I'm juggling a lot of things at the moment; if you're interested in helping with bug 852010, that would probably help us move forward here. At the very least, we'd be able to see what image is being leaked (simply by opening the data URI).
Another thing to figure out here is the following: gfxImageSurface has a memory reporter, which is invoked under some circumstances. But DMD is seeing dark matter in some gfxImageSurface objects here, which means that the memory reporter is not being run for some gfxImageSurfaces when we do a DMD dump. Why is that?
If we could figure out why the memory reporters for these gfxImageSurface objects are not being run, that might help us understand why they're building up as they are.
We have bug 820248 open on a similar problem, which may or may not be related.
I'm happy to keep working on this, but it would be a big help to me if you could step in, so let me know.
Comment 43•11 years ago
|
||
(In reply to Justin Lebar [:jlebar] from comment #41)
>
> I've been trying to debug this locally, but the camera app segfaults with a
> null-pointer exception on trunk. So it's somewhat slow-going...

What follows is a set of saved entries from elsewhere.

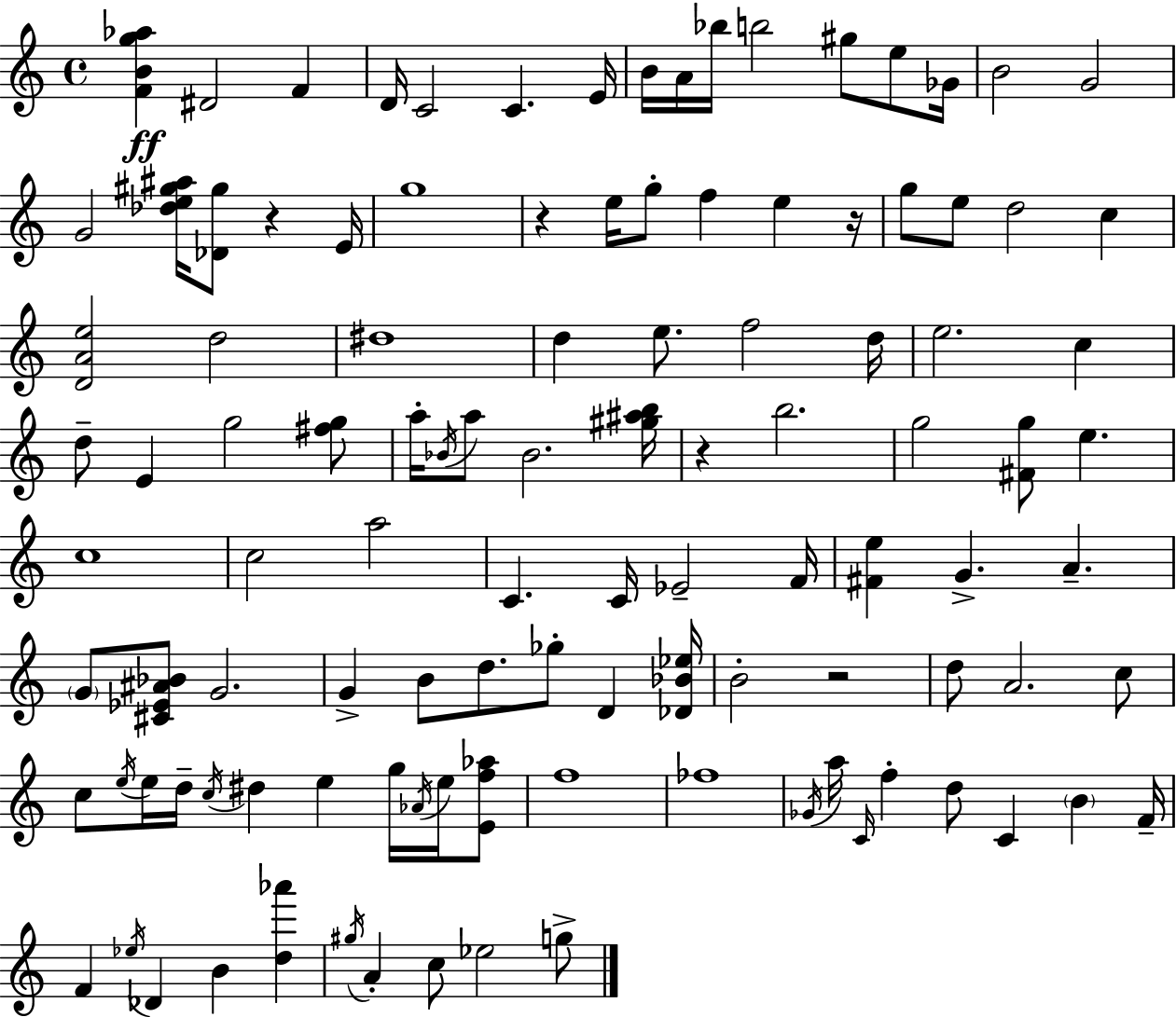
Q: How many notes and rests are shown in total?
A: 110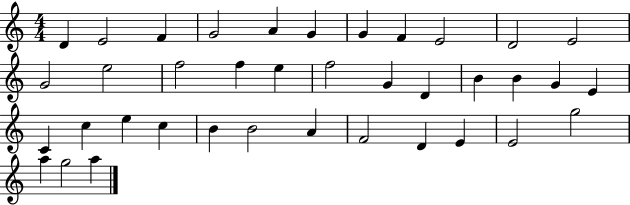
{
  \clef treble
  \numericTimeSignature
  \time 4/4
  \key c \major
  d'4 e'2 f'4 | g'2 a'4 g'4 | g'4 f'4 e'2 | d'2 e'2 | \break g'2 e''2 | f''2 f''4 e''4 | f''2 g'4 d'4 | b'4 b'4 g'4 e'4 | \break c'4 c''4 e''4 c''4 | b'4 b'2 a'4 | f'2 d'4 e'4 | e'2 g''2 | \break a''4 g''2 a''4 | \bar "|."
}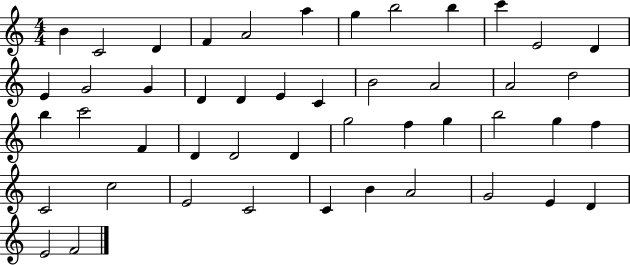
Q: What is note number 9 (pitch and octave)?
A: B5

It's probably bug 882328; there's a patch pending there.
Comment 44•11 years ago
|
||
Decoded image attachments pending. :)
Comment 45•11 years ago
|
||
Comment 46•11 years ago
|
||
Further to comment 45, occurrences of the different images in the memory-report:
# grep -c length=9114 memory-reports
160
# grep -c length=9117 memory-reports
2
# grep -c length=44737 memory-reports
2
(Although the data for each image appears twice in the memory-report, one occurrence uses the "length=X" notation, while the other uses "length-X" notation; so the above greps are unique.)
So the Marketplace app icon appears in the memory-report 160 times (or 162, considering that the 9117-byte images are also Marketplace app icons).
The 44737-byte image is a Homescreen wallpaper (although, interestingly, _not_ the Homescreen wallpaper I have selected).
Comment 47•11 years ago
|
||
Cristian, it looks like the Homescreen might be leaking icon resources when switching tasks.
Flags: needinfo?(crdlc)
Comment 48•11 years ago
|
||
Hi,
My main concern here is to know if this bug is reproducible when ev.me is loaded or not. Surfing on our home implementation, we revoke all icon resources after loading:
https://github.com/mozilla-b2g/gaia/blob/master/apps/homescreen/js/page.js#L233
https://github.com/mozilla-b2g/gaia/blob/master/apps/homescreen/js/page.js#L240
https://github.com/mozilla-b2g/gaia/blob/master/apps/homescreen/js/page.js#L351
https://github.com/mozilla-b2g/gaia/blob/master/apps/homescreen/js/page.js#L530
What do you mean: switching tasks? I don't know that is the Homescreen wallpaper.. home doesn't define wallpaper, it is defined on system layer as far as I know.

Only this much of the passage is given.